Record Display for the EPA National Library Catalog
RECORD NUMBER: 6 OF 11
|OLS Field Name||OLS Field Data|
|Main Title||Foam flotation treatment of heavy metals and fluoride-bearing industrial wastewaters /|
|Author||Wilson, David J.|
|CORP Author||Vanderbilt Univ., Nashville, Tenn.;Industrial Environmental Research Lab.-Cincinnati, Ohio.
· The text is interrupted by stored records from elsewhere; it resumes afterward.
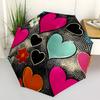 1pc Heart Flowers Automatic Open/Close Umbrella, Portable Folding Umbrella, Compact Travel Umbrella For145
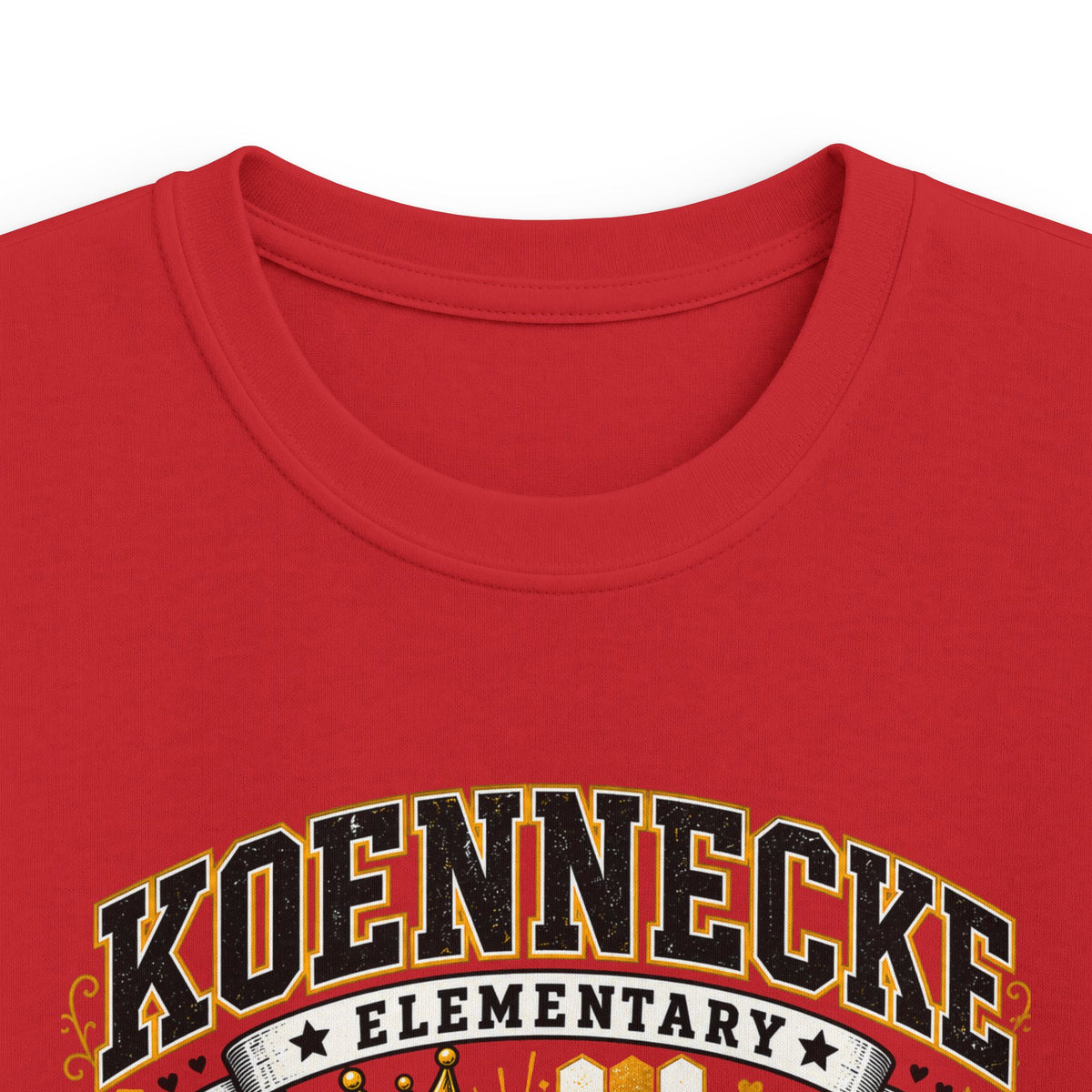 Kinder Crew Kids T‑Shirt — Kdennecke Elementary Kindergarten School Spirit Tee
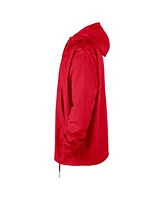 Nike Men's Red Chicago Bulls Courtside Premium Club Anorak Quarter-Zip Pullover Hoodie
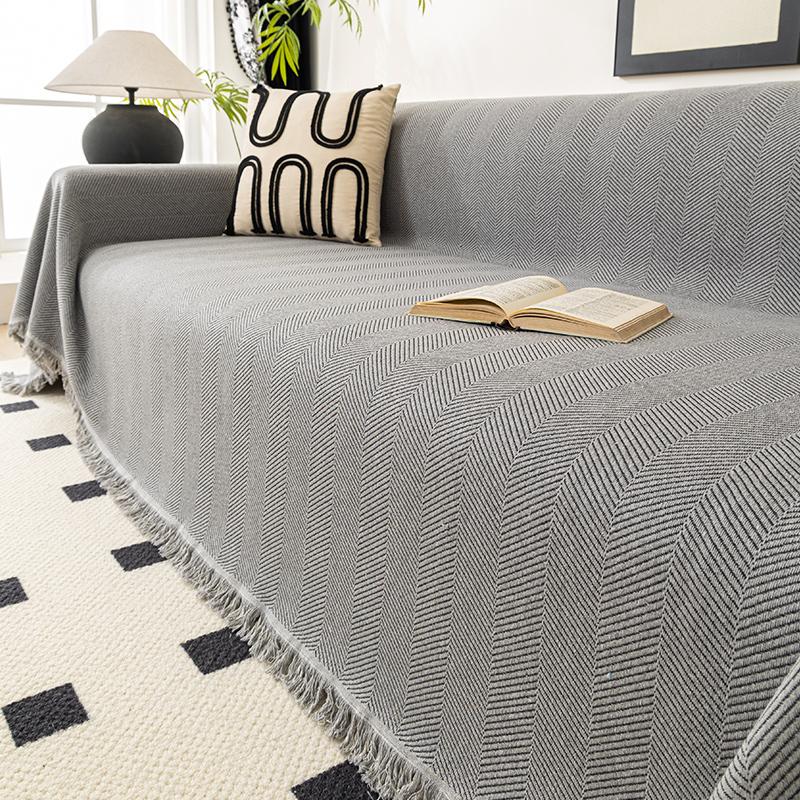 

1 шт. Чехол для дивана, универсальный чехол для дивана на все времена года, нескользящий чехол для дивана, защитный чехол для подушки дивана, подходит для F 180x130cm серый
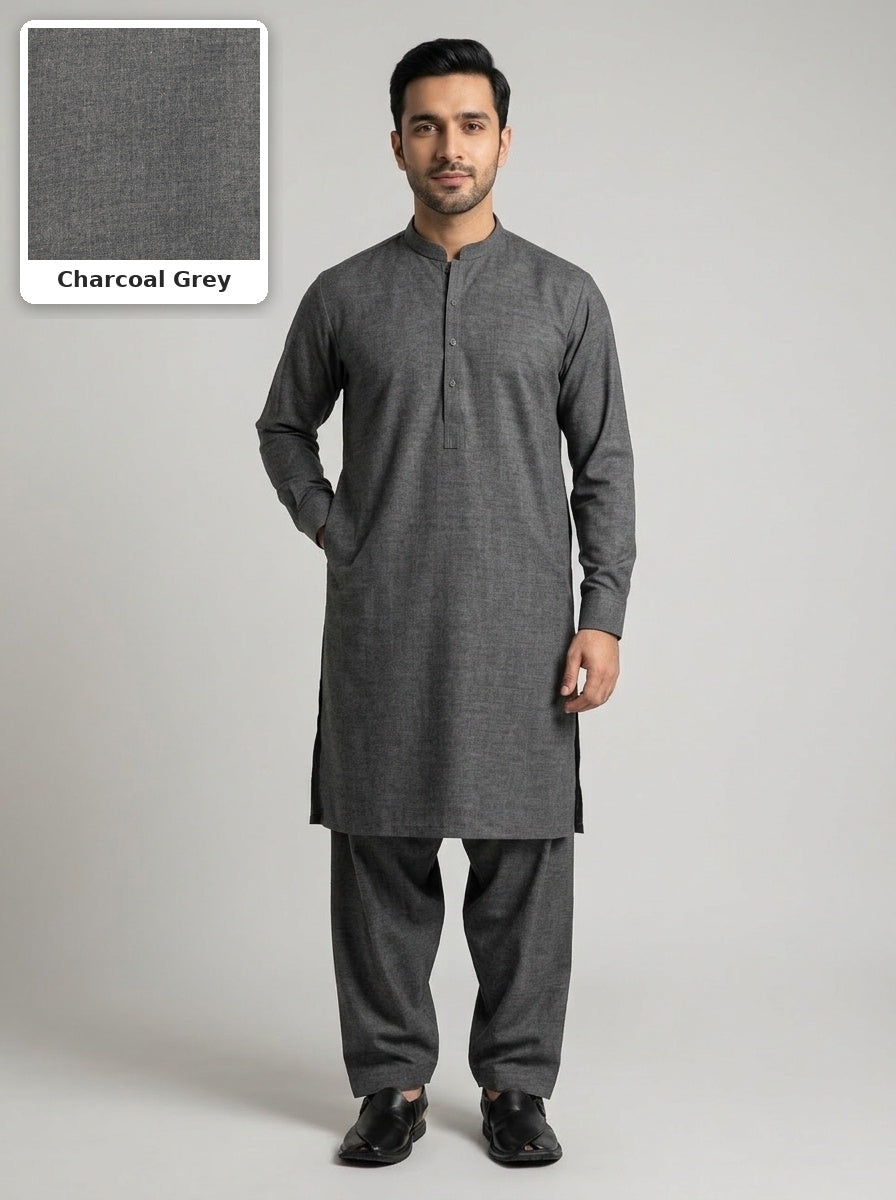 Shahi Wool Suit - Charcoal Grey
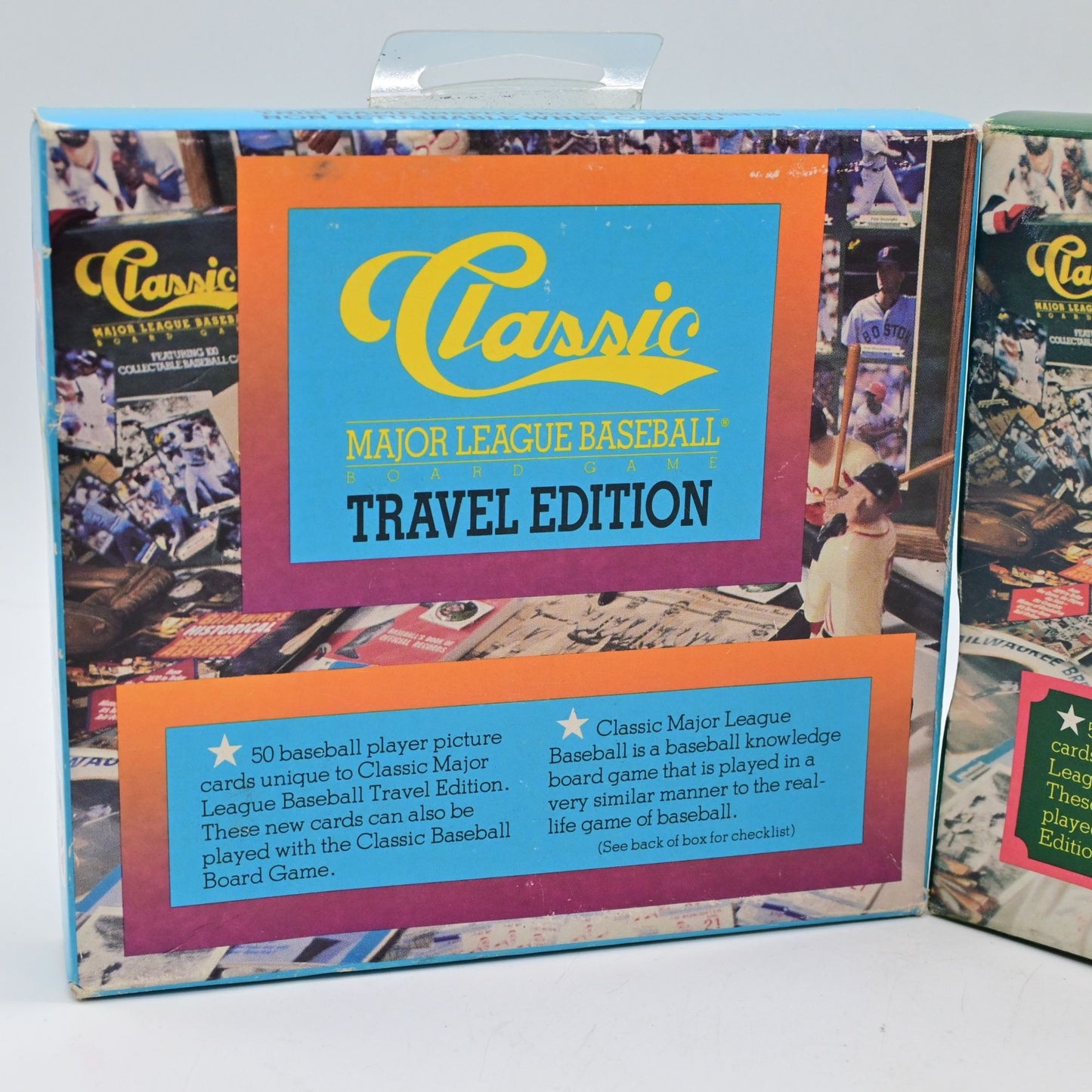 Classic MLB Board Game Travel Edition & Travel Edition Red Series Bundle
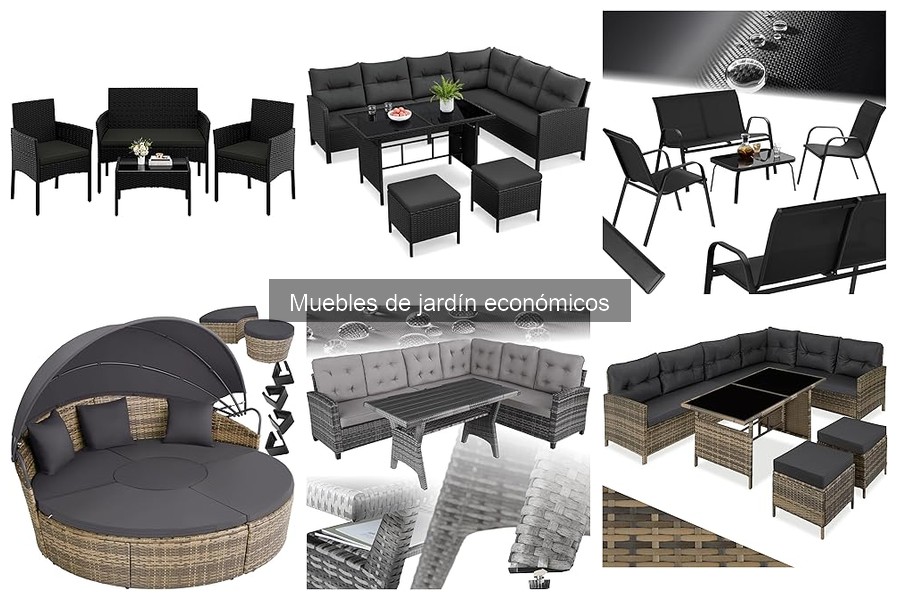 Muebles de jardín económicos que resisten condiciones climáticas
Industrial Pollution Control Div.|
|Publisher||Industrial Environmental Research Laboratory, Office of Research and Development, U.S. Environmental Protection Agency,|
|Report Number||EPA/600/2-77/072; EPA-R-803564; PB267549|
|Stock Number||PB-267 549|
|Subjects||Metals--Finishing--Waste disposal. ; Heavy metals. ; Fluorides.|
|Additional Subjects||Industrial waste treatment ; Flotation ; Water pollution control ; Surfactants ; Sewage treatment ; Metals ; Foaming agents ; Trace elements ; Concentration(Composition) ; Lead(Metal) ; Isotherms ; Separation ; Cadmium ; Mercury(Metal) ; Copper ; Zinc ; Arsenic ; Columns(Process engineering) ; Mathematical models ; Numerical analysis ; Fluorides ; Smelters ; Brasses ; Water treatment ; Potable water ; Heavy metals ; Froth floation ; Aluminum smelters ; Lead smelters|
|Collation||xi, 76 pages : illustrations ; 28 cm.|
Laboratory studies demonstrated that the floc foam flotation techniques are effective in removing lead, cadmium, mercury, copper, zinc, arsenic, and fluoride from dilute wastewaters to very low levels. Simulated as well as real industrial wastewaters were studied. Industrial wastewaters studied originated from primary aluminum smelters, secondary lead smelters, and brass mills. Copper, lead and arsenic are readily removed with Fe(OH)3 and sodium lauryl sulfate; fluoride and zinc, with Al(OH)3 and sodium lauryl sulfate; cadmium and mercury, with CuS and hexadecyltrimethylammonium bromide. Batch techniques as well as continuous flow systems were used; the latter proved to be more efficient. Possibility of surfactant recovery was investigated. Flotation column simulator computer program was also constructed. Floc foam flotation techniques are not suitable for treatment of wastes containing high concentrations of dissolved salts and adequate pH control is essential in most separations. Foam separation processes combine the attractive features of simplicity, economy, potential for recovery, and effective removal of pollutants at low concentrations in wastewaters.
EPA-600/2-77-072. Includes bibliographical references (pages 54-60).